核心概念
Large Language Models can be effectively leveraged as "Language Data Scientists" to automate low-level data analysis tasks by generating natural language action plans and executing them through a low-level executor.
摘要
This study evaluates the performance of a "Language Data Scientist" (LDS) model that utilizes OpenAI's GPT-3.5 to analyze datasets and answer data science queries in a zero-shot manner. The key aspects of the methodology are:
- Gathering background information on the dataset using Pandas functions to provide context to the GPT-based Action Plan Generator (AcPG).
- The AcPG generates a natural language action plan to answer the given query, leveraging techniques like Chain-of-Thought and SayCan prompt engineering.
- The action plan is then executed by a low-level executor to produce the final answer.

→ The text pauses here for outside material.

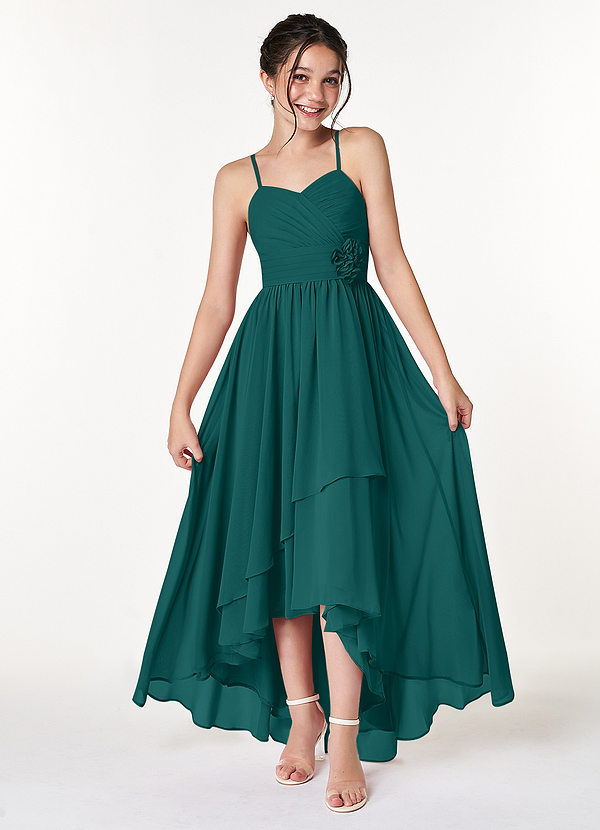 Azazie Catalina Junior Peacock A-Line Ruched Chiffon Dress image1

The LDS was tested on 15 benchmark datasets of varying sizes (small, medium, large) and question difficulty levels. Overall, the LDS achieved an accuracy of 32.89% in correctly answering the queries. The performance was relatively stable across dataset sizes, with the LDS performing best on large datasets (36% accuracy).
The key challenges faced were instances of the GPT model generating incorrect code, and limitations imposed by the token limits of the GPT API, which restricted the amount of context that could be provided for larger datasets. Future work will explore the use of more advanced language models like GPT-4 to address these limitations and further improve the performance of the LDS.
统计
The LDS was able to correctly answer 27 out of 75 questions (36%) on the large benchmark datasets.
The LDS was able to correctly answer 22 out of 75 questions (29.33%) on the medium benchmark datasets.
The LDS was able to correctly answer 25 out of 75 questions (33.33%) on the small benchmark datasets.
引用
"Significant work already exists in this field. Automatic Prompt Engineers (APEs) have proved useful in demonstrating the power of LLMs to extrapolate correlatory data; when given a set of inputs, APEs are able to identify the most likely "instruction" for the specific set of inputs."
"Though existing efforts into improving the accessibility of ML models for non-ML experts are generally well-supported, such efforts are rarely directed towards ameliorating direct, user-generated queries in the field of data science."